Tokyo was one of the most enjoyable cities ever!! i rarely ever step into a city and proclaim, "oh, yea..i can live here" except the fact that i would be illiterate..or speak it. but i bet i could pick it up!!

we stayed in Shinjuku. effen fun!! great food, but being on a budget, we didnt do any big fancy meals. we tried to stay "divey" but Tokyo didnt really do dive joints. BEST TONKATSU i have ever eaten in my life. i ordered a pork tonkatsu with a braised tomato topping. ordered it by watching another patron eat it. i just pointed at the picture on the menu. if i could, i would have loved to shimmy next to the cook and see just what the heck he did to make it so darn good. 

and knives? like you i didnt even look at them. i found the knife shops kinda intimdating actually. i couldnt ID even the most basic things like types of steel. i wanted to buy some stones, but again, i was crushed by the language barrier. but that fish market was amazing!! the knife shops were so loaded with inventory. and they all had that well worn sharpening station right out front. super cool. i did snap some pics.

my BIL is there right now. he is with a person that speaks japanese. i gave him a list of stones i would like and a comfortable working budget. lets see how this plays out. if not, i plan on being there next year. again..the month of Dec.


----------



## goatgolfer (Aug 22, 2015)

2002 World Cup [played in Japan & S. Korea] Police learned we (2) were in the bar watching Japan play. As the game finished (tie) a phalanx of helmeted and billy clubbed Army/police arrive at the bar. An English speaking officer approached us as the crowd in the streets started singing. They 'asked' us to leave. Threw down our beers and followed him out. The soldiers had formed a human tunnel so we wouldn't be bothered by the singing/cheering people on the street. There was not threat of violence or uprising. They just didn't want us to feel intimidated! Must have been ~150 police. Quite a site at an instants notice. My phone didn't take pictures then or I would have. 

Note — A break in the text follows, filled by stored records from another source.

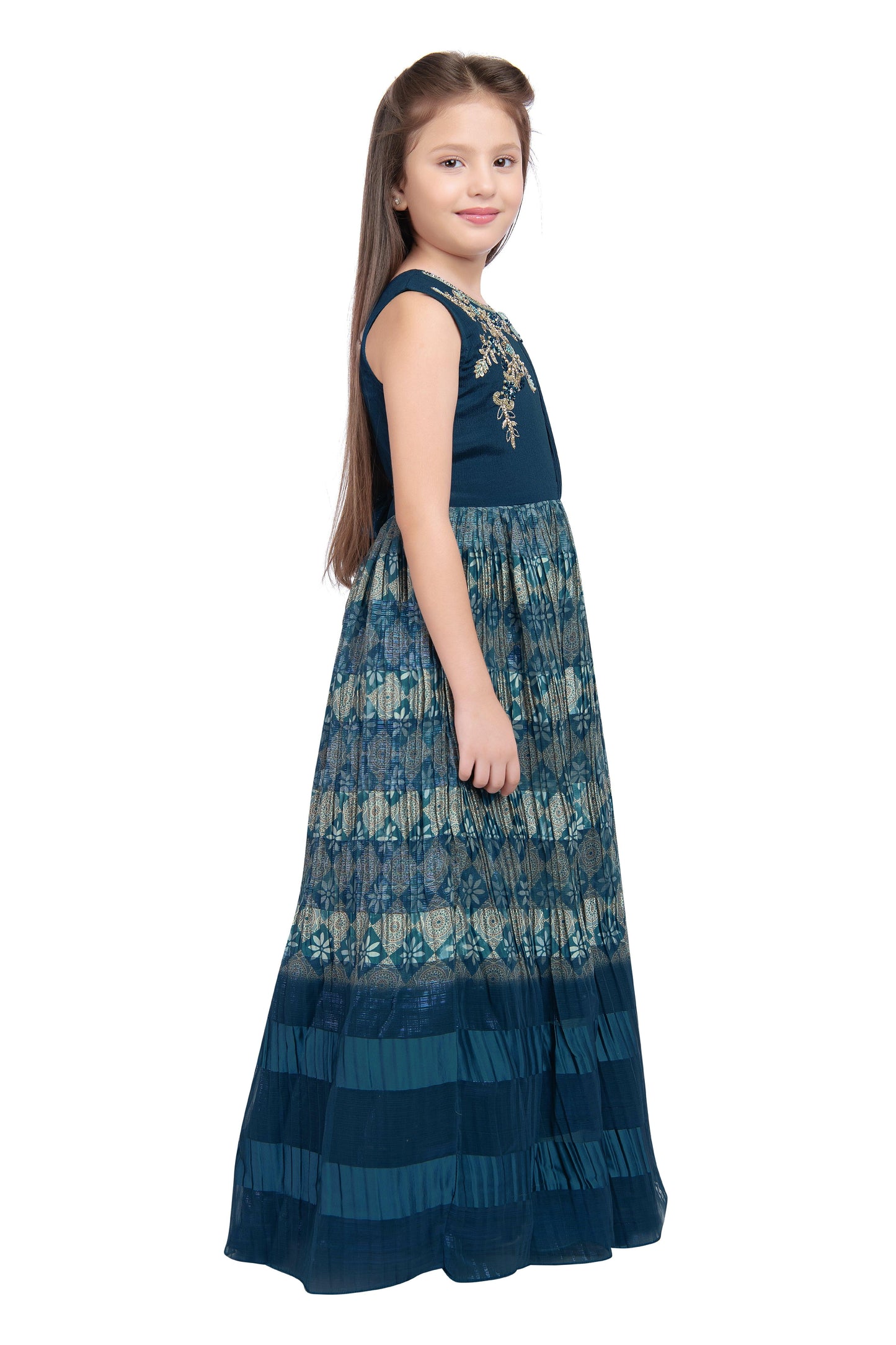 Peacock Blue Coloured Pleated Fabric Saree Style Gown For Girls - Betty Ethnic India - Gown - Betty Girls Wear Online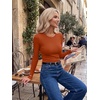 image:imageZeagoo Women Long Sleeve Tops Crewneck Ribbed Knit Fitted Tshirts Dressy Casual Basic Tee 2026 Summer Fall ClothesOrange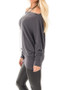 Grey Irregular Off Shoulder Round Neck Long Sleeve T-Shirt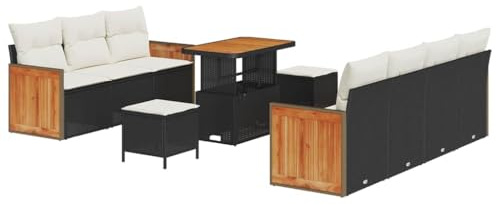 vidaXL 10-teiliges Garten-Sofa-Set mit Kissen aus Polyester in Schwarz – stylische Gartenmöbel für Balkon, Terrasse und Lounge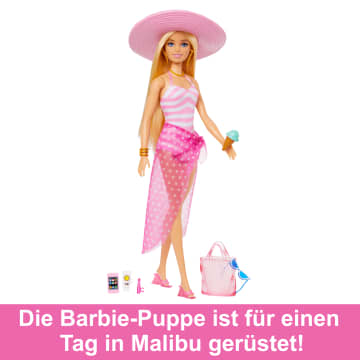 Blonde Barbie-Puppe Mit Badeanzug Und Strand-Accessoires - Image 5 of 6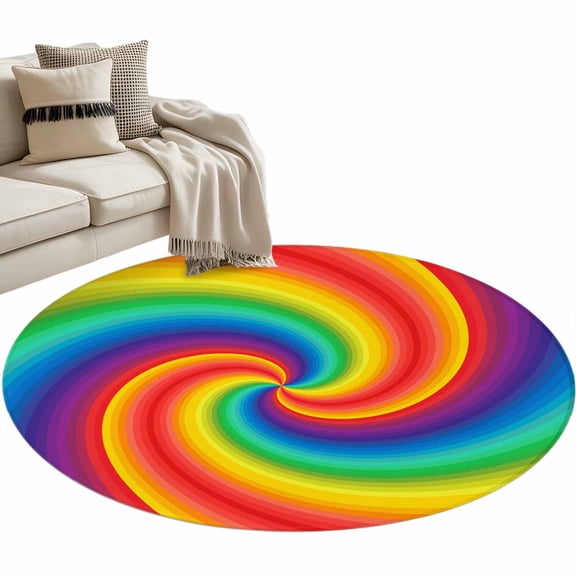 Rainbow Striped Round Rug 3ft Washable Circle Entryway Rugs Non Slip Colorful Abstract Spiral Aesthetic Art Area Rug Indoor Carpet for Bedroom Kitchen Living Room Home Office Dining Room Nursery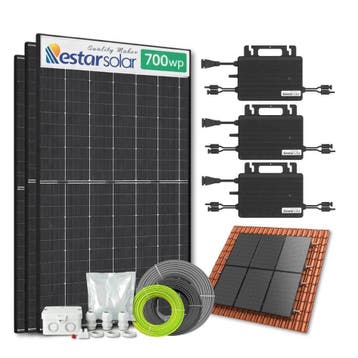 Zonnepanelen Pakket Schuindak 2.1 kW 3x 700Wp Micro-omv., Ophalen of Verzenden, Nieuw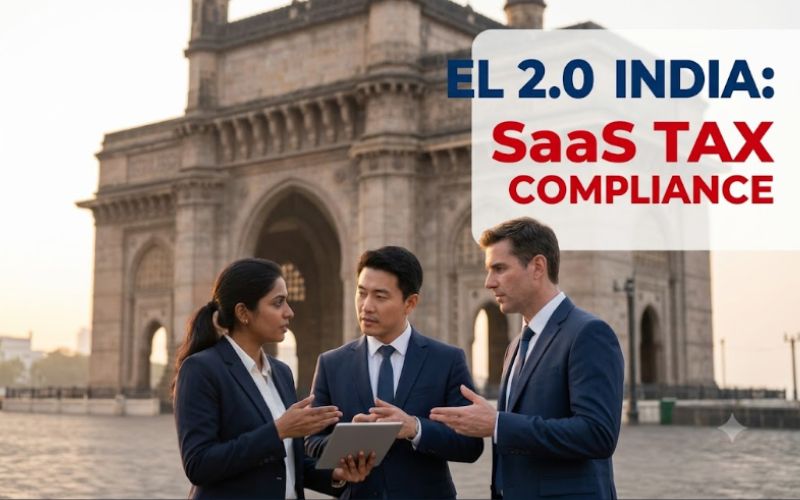 Abstract representation of international digital services tax and Equalisation Levy India compliance for global technology corporations.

Been back 5 more times and always am impressed by the precision of the train transport. People line up (lines on the floor) which is where the doors will come. I lined up 1.5 minutes too early and my host took me aside. "Wait, two more trains before ours." Also, the waiters step to the outside to let the departing out before they enter. 

Lots of examples just like that. Not much social freedom but boy can they run a railroad.


----------